What’s new in notifications in iOS 10
In the iOS 10 update, new frameworks for more user interactive notifications have been introduced. They are UserNotifications and UserNotificationsUI and older notification frameworks like UIUserNotificationSettings, UILocalNotification etc have been deprecated in iOS 10. Notification management is new with these frameworks and this allows you to have access to notification that is pending delivery for your locally scheduled notifications. Apps and app extensions can use UserNotifications framework to receive and potentially modify local and remote notifications when they are delivered to the user’s device. Now you can also remove notifications that have already been delivered to the user, as well as update and promote these notifications by using UNUserNotificationCenter and its delegate methods.

The APNs provider API introduced in iOS10 lets you send remote notifications to your app on iOS, tvOS, and macOS devices, and to Apple Watch via iOS. The API is based on the HTTP/2 network protocol. Each interaction starts with a POST request, containing a JSON payload that you send from your provider server to APNs. APNs then forwards the notification to your app on a specific user device. In this API a header apns-collapse-id is introduced which enables multiple notifications with same collapse identifier to display to the user as a single notification i.e. notifications are being overridden.
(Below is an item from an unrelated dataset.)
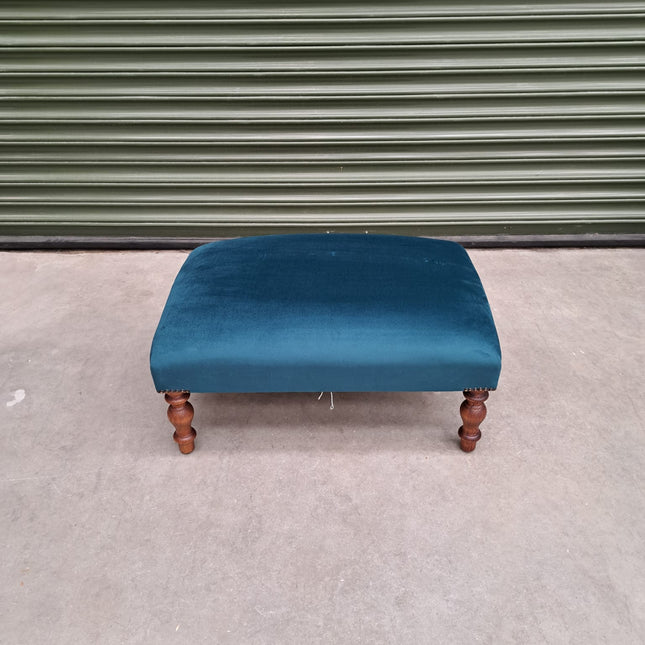 Selfridges Small Footstool in Teal Velvet- Clearance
Following is the example of a POST request to https://api.push.apple.com/3/device/deviceToken
where deviceToken is the deviceToken of the device for which you have to send the notification
headers {“apns-collapse-id” : “1” , “apns-topic” : “appBundleId”} , body { “aps” : { “alert” : “Hello” }}

For more info on APNs please refer to the below link
https://developer.apple.com/library/content/documentation/NetworkingInternet/Conceptual/RemoteNotificationsPG/CommunicatingwithAPNs.html
To learn more about what’s new in notifications in iOS 10, please visit the below link
https://developer.apple.com/videos/play/wwdc2016/707/

Hope this provides you all solution to Push Notifications problems in iOS.